الأثنين. أبريل 15th, 2024

Department of Security and Military Studies March 29, 2024

The reputation of “Special Forces” have recently risen in modern armies, and the accurate term is “Special Operations Forces” (SOF). These forces are tasked with executing missions that differ from traditional combat. This distinction may arise from the nature of the combat zone, such as urban warfare, dense forests, or mountainous and snowy regions, or from the need for unconventional methods of transportation to reach hazardous areas deep within enemy territory. Here, specialized techniques, skills, and means of transportation are required, such as airborne parachute landings, helicopter insertions behind enemy lines, or amphibious assaults on enemy shores. The difference may also lie in the nature of the mission itself, such as hostage rescue, disrupting enemy supply lines, deep enemy reconnaissance, headquarters assaults, or capturing individuals.

The concept of Special Operations Forces began to emerge during World War II when the German Army established the “Brandenburgers” units, which conducted secret special missions behind enemy lines. Currently, armies establish “Special Operations Forces” within their organizational structure because traditional units are unable to execute all missions, especially those that are dangerous and specialized. The nature of their training and equipment does not suit these difficult and complex tasks. Special Forces complement the work of traditional forces in major plans and achieve objectives in the theater of operations.

The classification of Special Forces at the global level differs from that of traditional armies. Traditional armies are subject to known criteria, notably the level of armament, including aircraft, tanks, warships, submarines, ballistic missiles, and nuclear capabilities, among others.
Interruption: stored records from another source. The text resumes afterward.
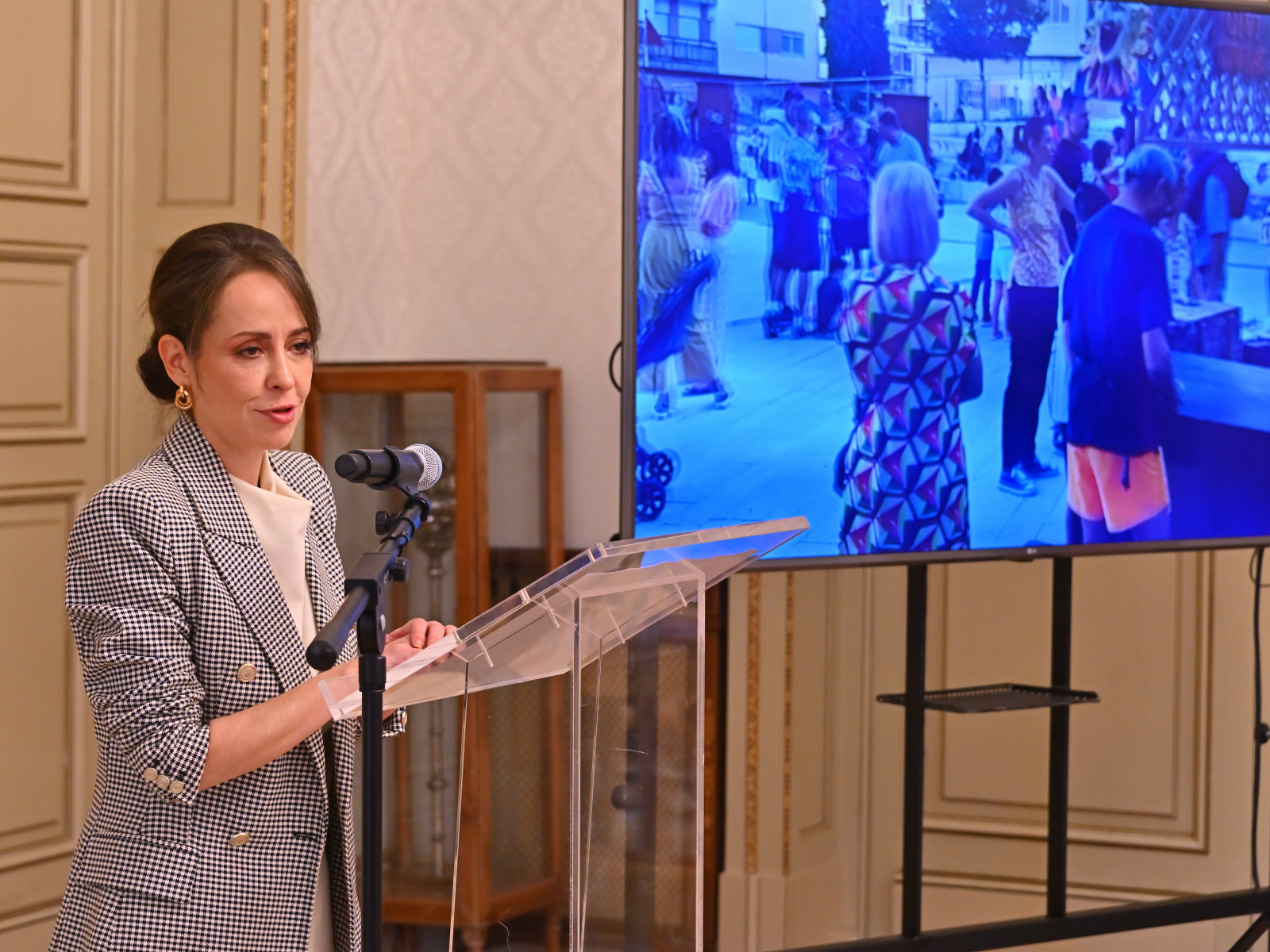 Carmen Seguín presenta el balance de las Ferias y Fiestas en honor a Santa Mª de la Vega.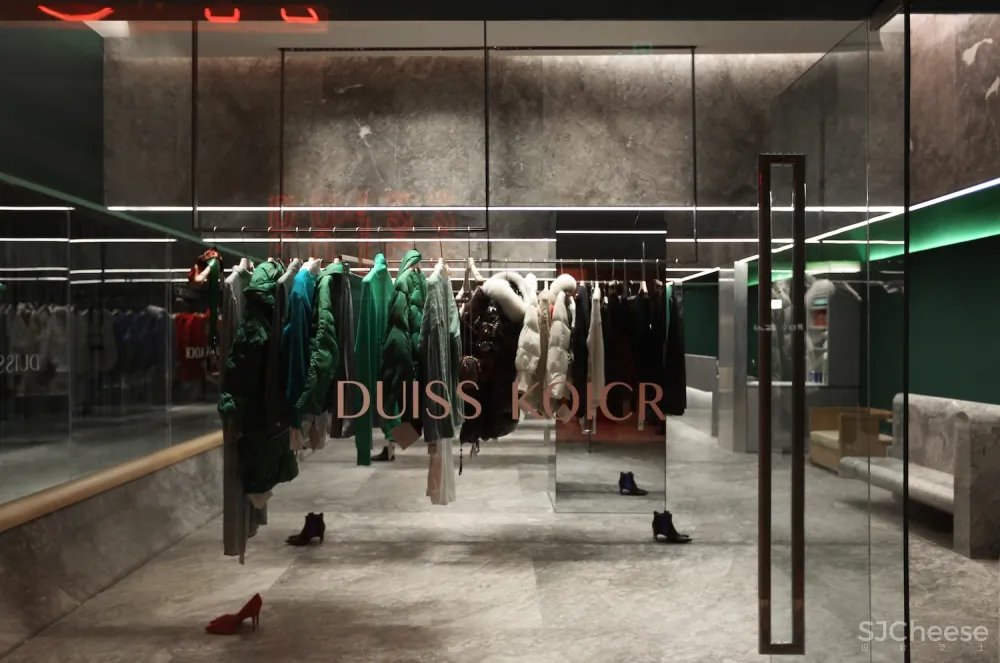 DUISS KOICR 精品服装店 素质传播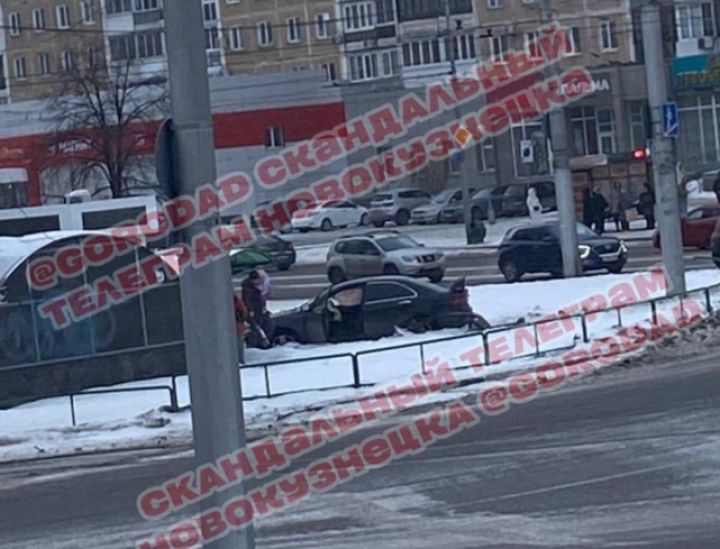 Автомобиль с ребенком снес ограждение возле подземного перехода в Новокузнецке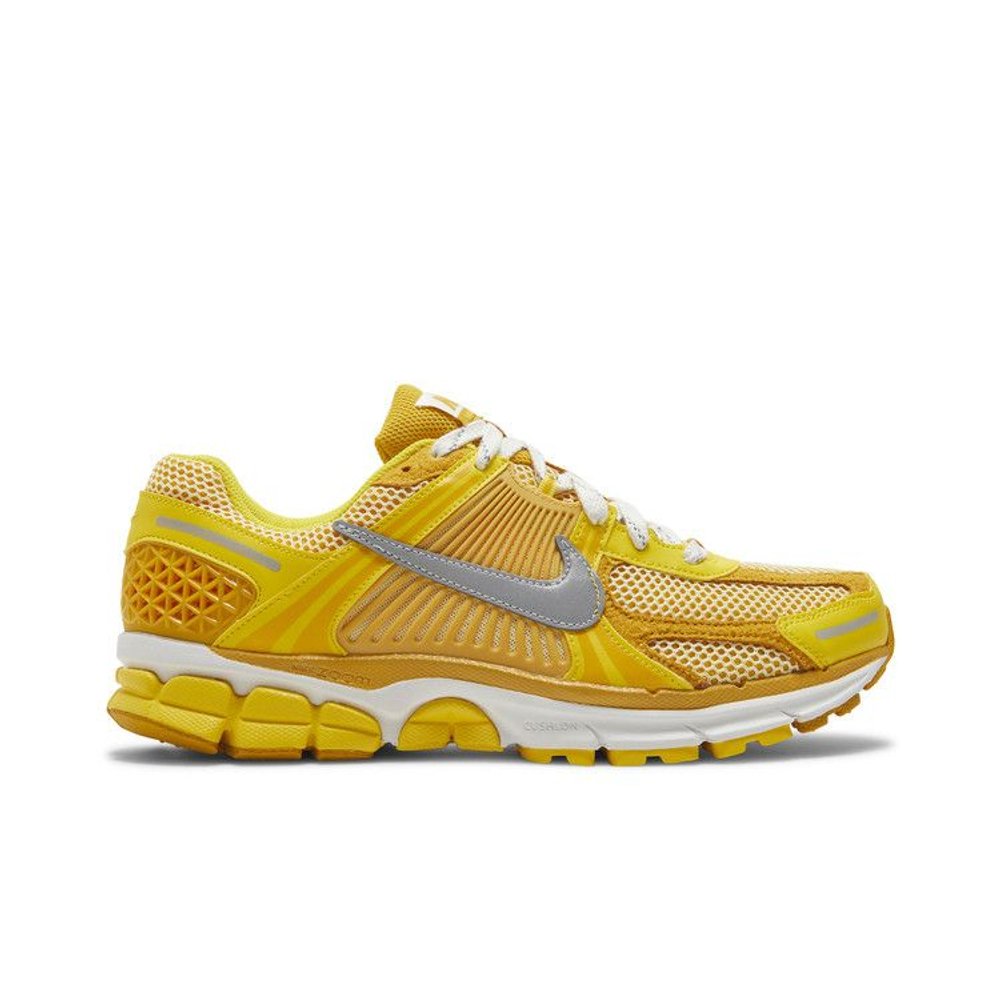 Nike Zoom Vomero 5 Yellow Ochre – boční pohled | Purekickz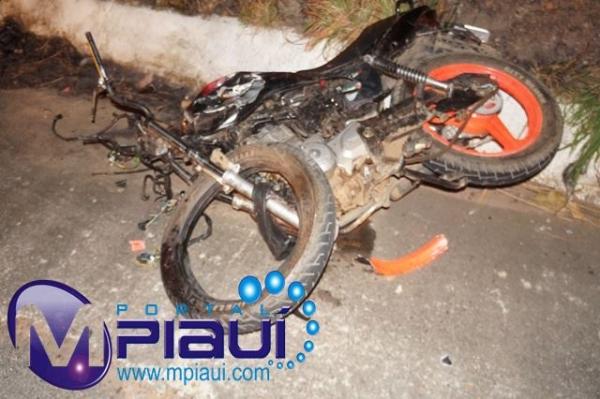 Acidente na BR 343 deixa vitima fatal - Imagem 7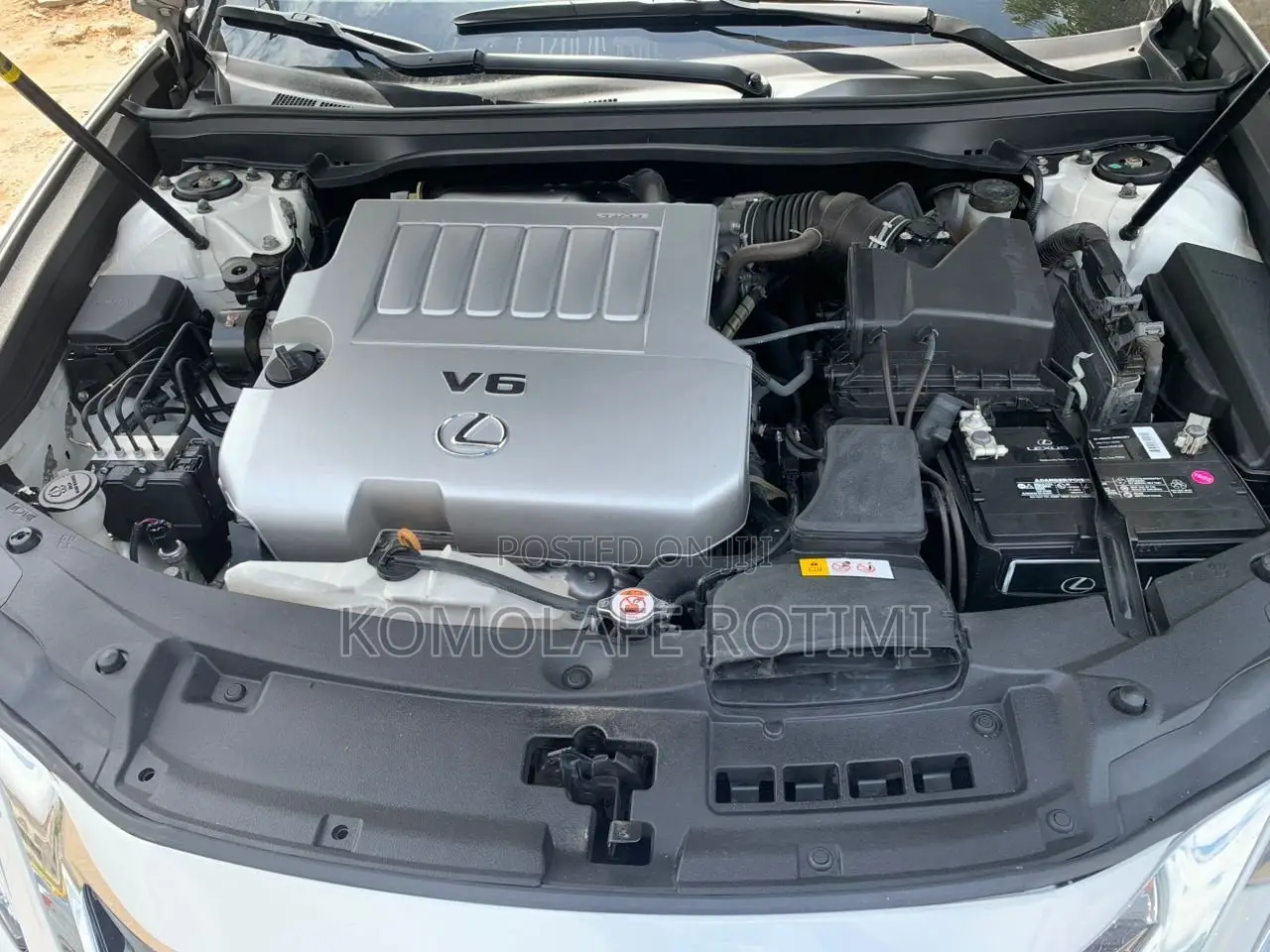 Lexus ES 350 FWD 2016 White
In contrast, the classification of Special Forces relies on two fundamental factors: first, the level of physical and psychological capabilities (combat ability, resilience, and endurance), which are difficult to compare and measure accurately. Second, the level of development and effectiveness of the equipment and tools possessed by these forces, which depends not only on the technical aspect characterized by secrecy and mystery but also on other factors related to fighters, such as skill, courage, intelligence, and experience in using these tools and equipment.

1. The US Navy SEALs (Sea-Air-Land operators), the most globally renowned.

2. Russia’s Alpha Group.

3. The UK Special Boat Service.

4. The British Special Air Service.

5. France’s National Gendarmerie Intervention Group, or GIGN.

6. Spain’s Unidad de Operaciones Especiales.

7. The Special Services Group in Pakistan.

The importance of “Special Operations Forces” in modern armies is increasing in the face of terrorism, transnational organized crime, counterinsurgency, and confronting violent non-state military groups, also known as Violent Non-State Actors (VNSAs). Additionally, in the context of the significant spread and expansion of the so-called “Gray Zone,” where neither war nor peace prevails, Special Forces can execute covert missions appropriate to this situation when total war is undesirable.

Undoubtedly, the future of Special Operations Forces holds promise as they will be equipped with the latest military equipment and technologies, and their role and importance will evolve at tactical, operational, and strategic levels.